Stored records
——————
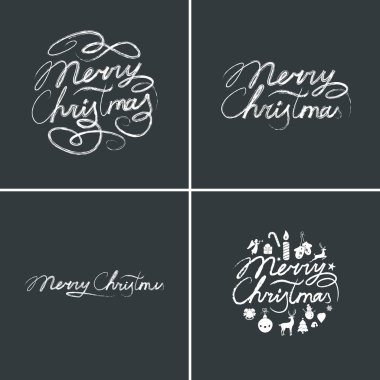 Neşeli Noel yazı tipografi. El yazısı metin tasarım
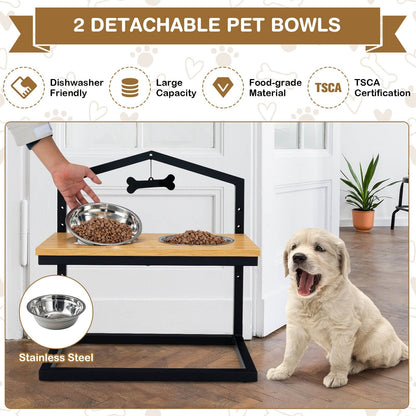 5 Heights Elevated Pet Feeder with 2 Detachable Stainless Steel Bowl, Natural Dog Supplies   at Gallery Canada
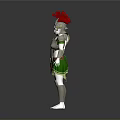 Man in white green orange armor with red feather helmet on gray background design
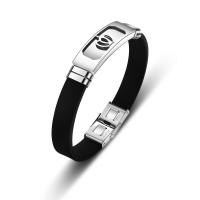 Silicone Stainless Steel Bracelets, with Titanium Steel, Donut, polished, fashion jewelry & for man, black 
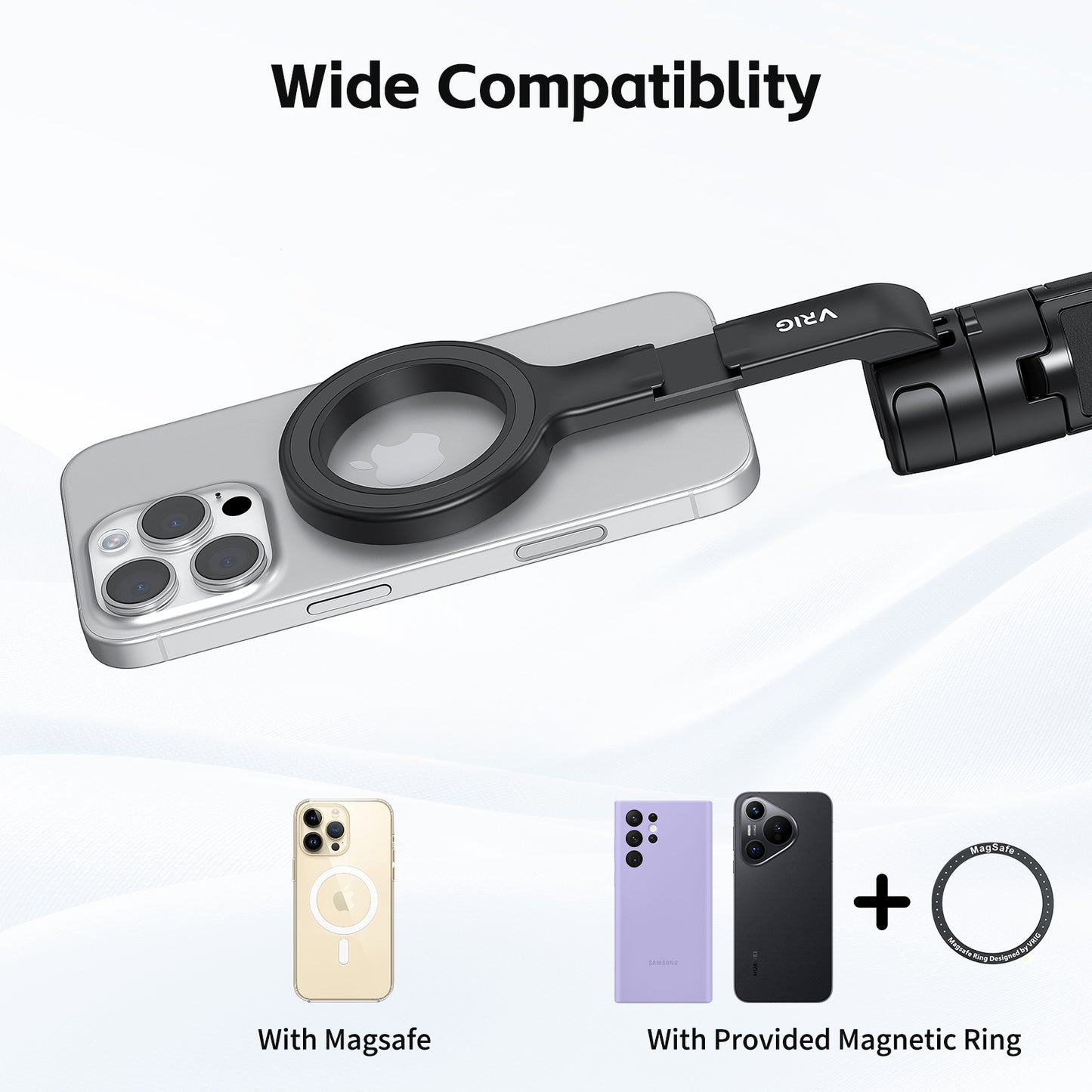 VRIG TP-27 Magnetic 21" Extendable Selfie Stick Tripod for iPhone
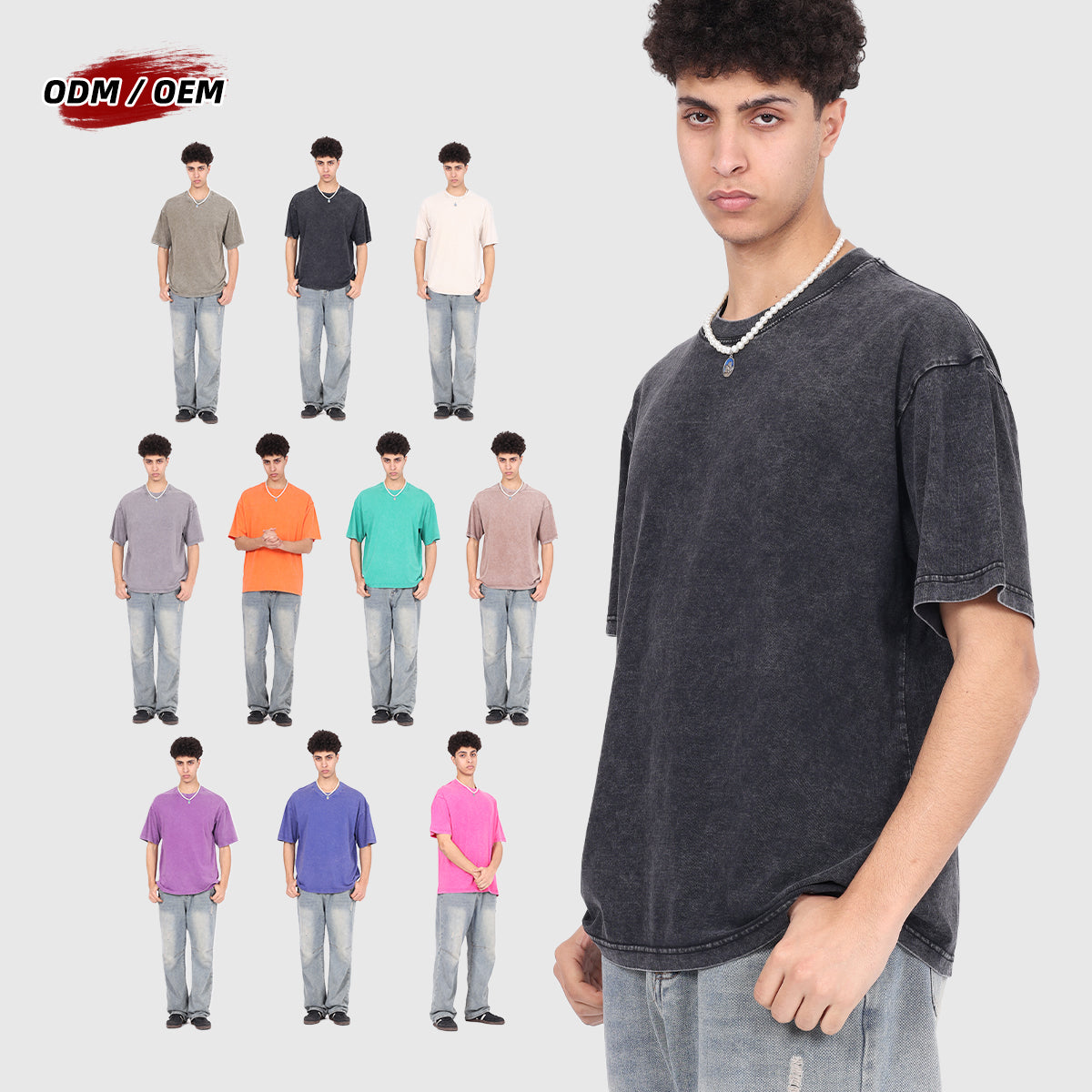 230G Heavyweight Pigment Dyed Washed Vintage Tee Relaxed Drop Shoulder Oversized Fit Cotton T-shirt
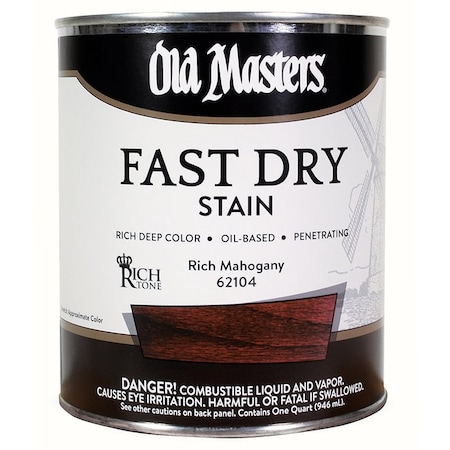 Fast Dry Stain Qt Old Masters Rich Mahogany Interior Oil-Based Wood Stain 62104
——————
Problem to solve:
I would like the data copied exactly as it stands, with no pictures included.

Response:
 Neşeli Noel yazı tipografi. El yazısı metin tasarım
 5 Heights Elevated Pet Feeder with 2 Detachable Stainless Steel Bowl, Natural Dog Supplies   at Gallery Canada
 Man in white green orange armor with red feather helmet on gray background design
 Silicone Stainless Steel Bracelets, with Titanium Steel, Donut, polished, fashion jewelry & for man, black 
 VRIG TP-27 Magnetic 21" Extendable Selfie Stick Tripod for iPhone
 230G Heavyweight Pigment Dyed Washed Vintage Tee Relaxed Drop Shoulder Oversized Fit Cotton T-shirt
 Fast Dry Stain Qt Old Masters Rich Mahogany Interior Oil-Based Wood Stain 62104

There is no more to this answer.